In the beginning, you can use a basic grammar guide. We'll teach you how in the corresponding article. Anything on top of the grammar guide won't be necessary. The purpose behind studying grammar is not to learn how to speak but to improve comprehension when interacting with native content.


Wanikani, Duolingo, Busuu and most "apps" do not work. More details are given on the linked FAQ pages.

No one has ever achieved fluency solely from using an app, especially an app that claims that you can learn to speak a language in 10 minutes a day. Language apps can't replace learning through massive exposure to the target language, and they can't tell you everything you should know. Language is not an app that you open and close. Reaching fluency is more like multi-booting, i.e., installing multiple operating systems on a single computer, and being able to choose which one to boot. Each OS has to be useful, you should be able to do anything you want with it.

The only "app" really worth having is a flashcard application for reviewing what you've learned so far. We'll dig deeper into the topic of flashcards in subsequent articles.

Graded readers

Graded readers are dumbed down for the sake of a learner, and thus do not teach you the real language. No amount of graded readers can prepare you for reading authentic native texts like novels. AJATT recommends consuming real authentic content from the beginning. Start with watching anime with Japanese subtitles to learn the basics of reading, then progress to reading simple manga, and finally jump into reading books.
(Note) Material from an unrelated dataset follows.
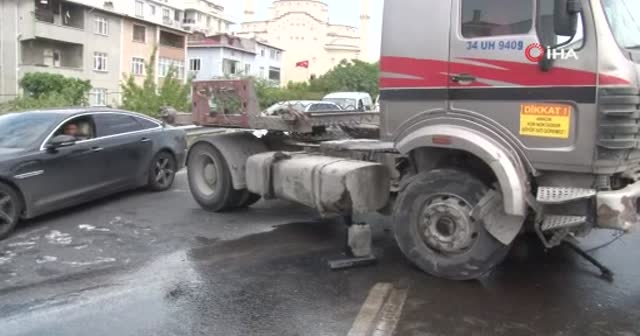 Beylikdüzü, Ambarlı Liman yolunu kilitleyen kaza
For a more detailed discussion on graded readers refer to this article.


Platforms such as Italki, Cambly, Lingoda and Verbling fall under this category. Details provided in this article about Italki apply to all similar platforms. E-learning offers the boredom of traditional classes, but online. You pay to speak with "tutors", who may not necessarily even be language teachers. You're essentially paying just to chat. People who charge money for speaking practice are either delusional or dishonest.

Speaking is fundamentally about receiving input. We acquire language by understanding messages. For the language acquisition process to take place, the input must be compelling. Contrary, conversations held with online tutors are very basic and very boring. You're not going to learn much from them.
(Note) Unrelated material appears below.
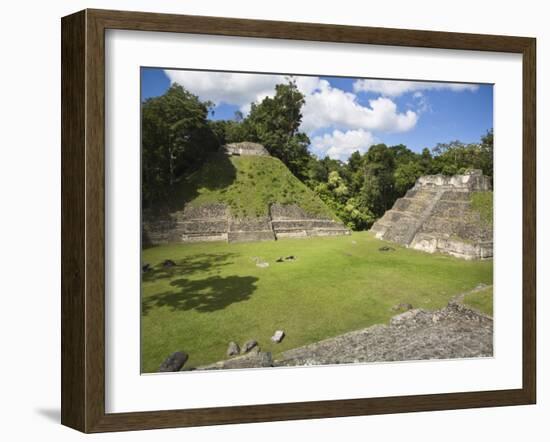 Plaza a Temple, Mayan Ruins, Caracol, Belize, Central America-Jane Sweeney-Framed Photographic Print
Premature speaking practice reinforces incorrect pronunciations and grammar. You need to develop listening abilities and intuitive understanding of language structures before focusing on speaking.


YouTube presents great opportunities for language learning if used correctly. Mainly by watching videos created by native speakers intended primarily for other natives speakers of your target language.

There's a difference between learning a language and learning about the language. YouTube channels where everybody speaks English all the time, like JapanesePod101, will only waste your time. Videos where Japanese people are asked to answer JLPT quizzes on the street are equally useless. Some channels simply recite textbook materials in audio-visual format, which is not just inefficient, but is also slower than reading a book given that typically people read faster than they speak.

Subtitles in your native language

Watching foreign language content is an excellent way to acquire language. But watching with subtitles in your native language will result in no learning progress. Reading the subtitles creates an inner voice that completely overshadows the speech in your target language. As a consequence, you're not actually engaging with your target language, you're listening to your own subvocalization in your native language. Therefore, you are learning the language of the subtitles, not the language of the audio. We've all seen countless anime fans who've watched thousands of hours of English-subbed anime and still know less than 100 Japanese words.